With increasing high-caloric fast-food and sedentary lifestyle, worldwide obesity has been increasing for the past 50 years. For morbid obesity in the 1970s, jejunoileal bypass (JIB) developed as a malabsorptive operation; JIB had specific complications which tied down the surgeon. The horizontal loop gastric bypass of Mason became preferred; because tension on the loop anastomosis had potential for leak, gastric bypass was changed to a Roux-en-Y configuration (RYGB), which has been performed extensively. Gastroplasties developed as restrictive operations in the 1980s, initially horizontal, followed by vertical banded gastroplasty (VBG). In 1983, the American Society for Bariatric Surgery (ASBS) was formed at a meeting in Iowa, and has vastly enlarged. In 1991, I started publishing the Obesity Surgery journal as Editor-in-Chief, which became the official journal of IFSO, and rapidly progressed to high ranking.

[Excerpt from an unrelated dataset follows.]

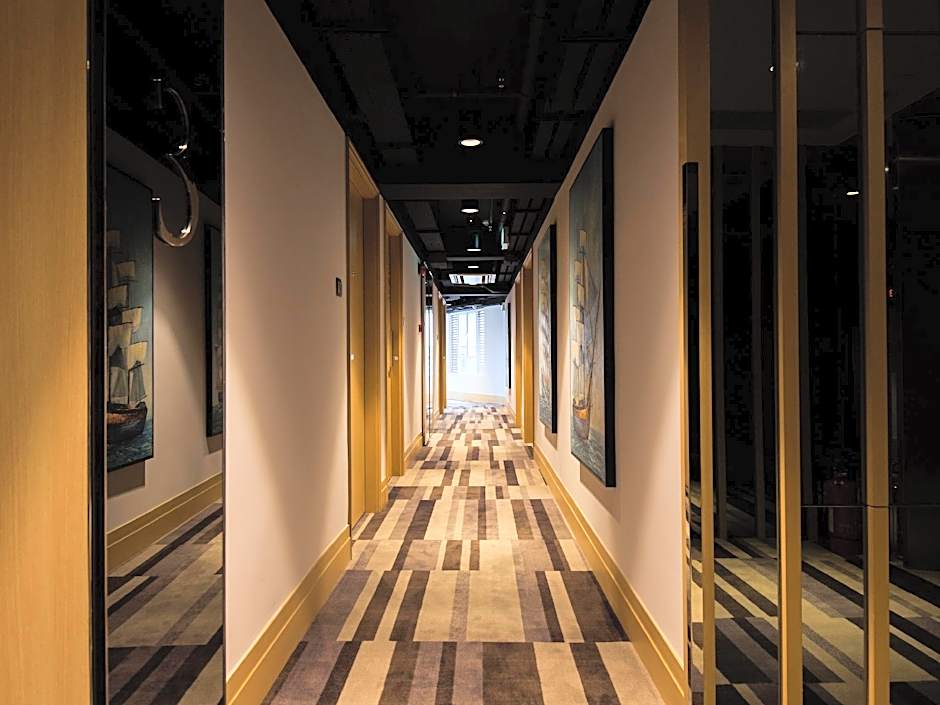 Caravel Hotel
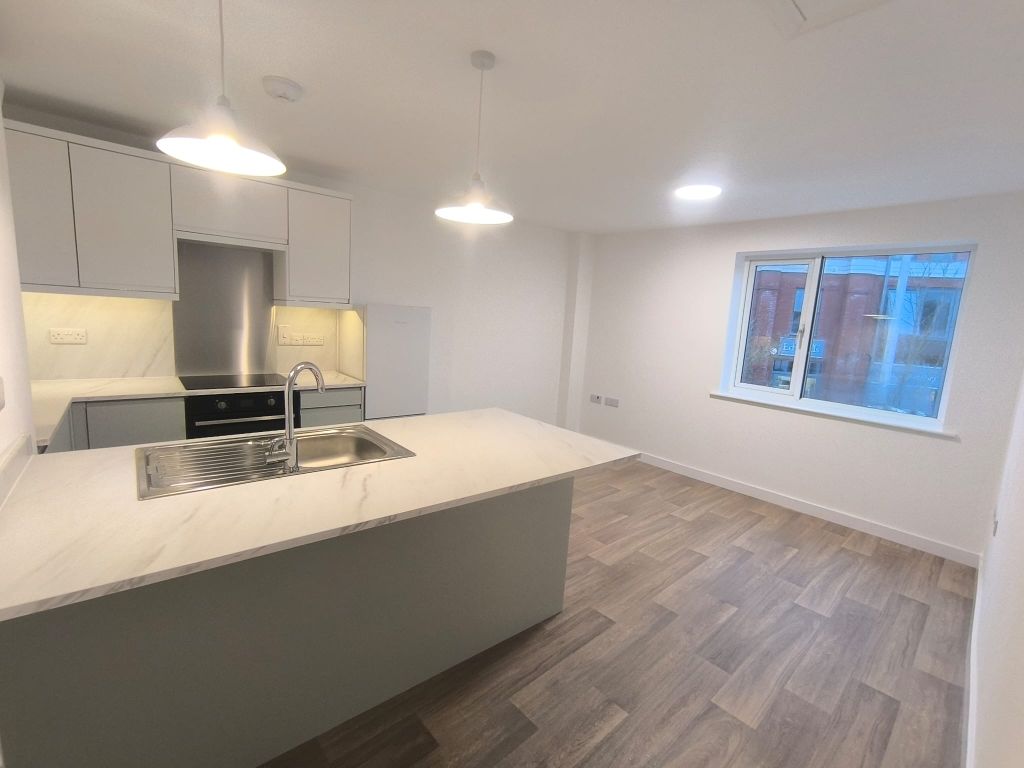 Property photo 1 of 8 Photo 0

In 1995, I was one of the Founders of the International Federation for the Surgery of Obesity (IFSO), which we formed in Stockholm; it has enlarged to 70 international member-societies. In the 1990s, the adjustable gastric band (AGB) was placed to restrict the very proximal stomach (connected by tubing to a subcutaneous reservoir), and the AGB was suitable as a laparoscopic operation. Subsequently, all bariatric operations have been able to be performed laparoscopically. From the malabsorptive biliopancreatic diversion, the duodenal switch (DS) developed; food enters a lesser-curvature gastric sleeve, and the divided proximal duodenum is anastomosed to the divided ileum 100 cm proximal to ileocecal valve. In 2000, sleeve gastrectomy (the first part of the DS alone) developed as a stand-alone operation, but dissection at the cardia has led to devastating leaks plus GE reflux and occasional Barrett’s esophagus. The Mini-Gastric Bypass (MGB), as well as its One Anastomosis Gastric Bypass (OAGB) variant, with a long sleeve anastomosed antecolic as a wide gastrojejunostomy at ~200 cm has gained remarkable popularity, as a simple malabsorptive operation, effectively reversing the co-morbidities of morbid obesity. Postop nutritional requirements must be followed. Type 2 diabetes usually resolves after MGB-OAGB and is being performed in patients with lesser obesity.